Ms. Wilson, to use an academic phrase, seeks to locate Puccini within contemporary reactions (primarily from critics), and those contemporary reactions within the social contexts of his time. So far, so good, but she also seeks to locate all of that within a current paradigm of race, gender, and ethnicity (for which read nationalism), and herein lies the problem with the book. It reads like a PhD thesis, for which those three sacred shiboleths are now essential to get the PhD, and in doing so, almost from the beginning of the book, one is aware of a very heavy agenda going on here, of preconceptions overriding objective evaluation. The main sign of this is that the book is riddled with logical falacies. To give two random examples: she seems to condemn critics for seeing pastoralism, or invocating place, in the music of Vaughan Williams - I presume she does not know Vaughan Williams' own titles for his named symphonies. As a second example, she claims "Scipio Sighele's lengthy critique of [a book by Weininger] in Eva moderna, demonstrates how readily pan-European ideas on fluid gender boundaries were taken up in Italy". One single article does nothing of the sort (she may well be right, but she would need to show many other examples, and she doesn't), and this technique of drawing conclusions (sometimes contentious) from single instances quickly gets very wearisome. A long discussion of the Japanese influences on Italian art, in considering Madama Butterfly, arrives at Mascagni's Iris only at the very end, and then only in one paragraph (which rather suggests Ms. Wilson hasn't seen or heard the opera), whereas I would have throught it pretty central to discussing Puccini's opera in such a context, given the considerable earlier success of Mascagni's work. Indeed, there is a singular lack of mention of operas by Puccini's contemporaries (and critical reaction to them), as if the whole of contemporary Italian opera was irrelevent to 'the Puccini problem'.

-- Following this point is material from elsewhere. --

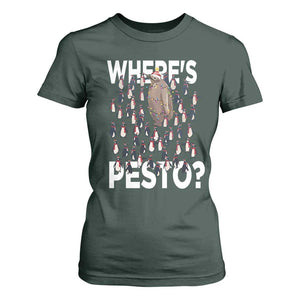 Funny Christmas Wheres Pesto T Shirt For Women TS09 Dark Forest Green Print Your Wear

All of this is a pity, because her newspaper and magazine sources are very extensive, and many of her ideas are illuminating and interesting - one simply doesn't trust them in the context of her whole approach. She has a chapter deconstructing (and excoriating) Torrefranca's attack on Puccini; by the end of it I thought wryly that her own methods were really not that different from the critic she was criticising.

If you are interested in Puccini from an academic angle, then I would not miss out on this book, but, however distinguished its publishers and the series in which it is issued, it needs to be read with a certain amount of critical caution.